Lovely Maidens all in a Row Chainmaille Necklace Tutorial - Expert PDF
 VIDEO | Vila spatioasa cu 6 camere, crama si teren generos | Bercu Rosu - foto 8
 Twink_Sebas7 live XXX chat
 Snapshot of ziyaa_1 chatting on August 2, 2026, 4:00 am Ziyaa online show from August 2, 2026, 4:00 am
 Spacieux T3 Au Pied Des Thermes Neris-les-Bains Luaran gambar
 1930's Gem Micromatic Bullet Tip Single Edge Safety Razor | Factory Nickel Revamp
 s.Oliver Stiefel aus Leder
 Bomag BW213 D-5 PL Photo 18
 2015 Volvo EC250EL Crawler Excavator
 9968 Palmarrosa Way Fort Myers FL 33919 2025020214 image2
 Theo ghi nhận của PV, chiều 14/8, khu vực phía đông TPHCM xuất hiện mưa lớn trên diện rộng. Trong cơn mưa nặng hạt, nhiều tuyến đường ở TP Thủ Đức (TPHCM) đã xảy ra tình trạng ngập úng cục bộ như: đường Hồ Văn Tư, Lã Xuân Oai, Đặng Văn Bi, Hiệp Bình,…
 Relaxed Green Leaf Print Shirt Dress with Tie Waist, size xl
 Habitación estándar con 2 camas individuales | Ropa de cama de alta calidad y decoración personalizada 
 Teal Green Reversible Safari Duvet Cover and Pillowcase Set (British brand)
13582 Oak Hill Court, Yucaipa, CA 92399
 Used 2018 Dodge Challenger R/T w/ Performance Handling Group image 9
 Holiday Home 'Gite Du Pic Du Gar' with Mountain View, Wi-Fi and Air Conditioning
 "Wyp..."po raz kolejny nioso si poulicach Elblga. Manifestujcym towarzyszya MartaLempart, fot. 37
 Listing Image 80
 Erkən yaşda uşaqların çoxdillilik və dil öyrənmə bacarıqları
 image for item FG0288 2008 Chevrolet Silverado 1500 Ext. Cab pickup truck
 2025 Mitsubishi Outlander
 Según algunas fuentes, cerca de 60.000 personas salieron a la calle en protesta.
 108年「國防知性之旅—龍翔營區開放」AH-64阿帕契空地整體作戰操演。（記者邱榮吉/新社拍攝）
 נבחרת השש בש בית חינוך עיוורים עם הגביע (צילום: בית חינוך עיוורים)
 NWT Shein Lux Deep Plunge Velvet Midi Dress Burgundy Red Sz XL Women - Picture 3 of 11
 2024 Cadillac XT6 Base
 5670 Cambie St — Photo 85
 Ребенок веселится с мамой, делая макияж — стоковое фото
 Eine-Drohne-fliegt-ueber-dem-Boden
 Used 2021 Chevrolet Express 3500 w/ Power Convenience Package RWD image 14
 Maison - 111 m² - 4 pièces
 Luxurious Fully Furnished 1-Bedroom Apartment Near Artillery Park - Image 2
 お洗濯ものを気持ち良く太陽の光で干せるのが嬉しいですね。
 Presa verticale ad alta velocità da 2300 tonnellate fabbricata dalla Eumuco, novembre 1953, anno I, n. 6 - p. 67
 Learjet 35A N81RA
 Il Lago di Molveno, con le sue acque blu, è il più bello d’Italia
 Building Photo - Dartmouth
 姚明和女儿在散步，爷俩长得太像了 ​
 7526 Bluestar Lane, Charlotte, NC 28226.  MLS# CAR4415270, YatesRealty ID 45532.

--------------------------------------------------

What you are asked to do:
Beginning at the top of the entries above, output each line exactly, and end with the line in which "s.Oliver Stiefel aus Leder" appears.

Your solution:
Lovely Maidens all in a Row Chainmaille Necklace Tutorial - Expert PDF
 VIDEO | Vila spatioasa cu 6 camere, crama si teren generos | Bercu Rosu - foto 8
 Twink_Sebas7 live XXX chat
 Snapshot of ziyaa_1 chatting on August 2, 2026, 4:00 am Ziyaa online show from August 2, 2026, 4:00 am
 Spacieux T3 Au Pied Des Thermes Neris-les-Bains Luaran gambar
 1930's Gem Micromatic Bullet Tip Single Edge Safety Razor | Factory Nickel Revamp
 s.Oliver Stiefel aus Leder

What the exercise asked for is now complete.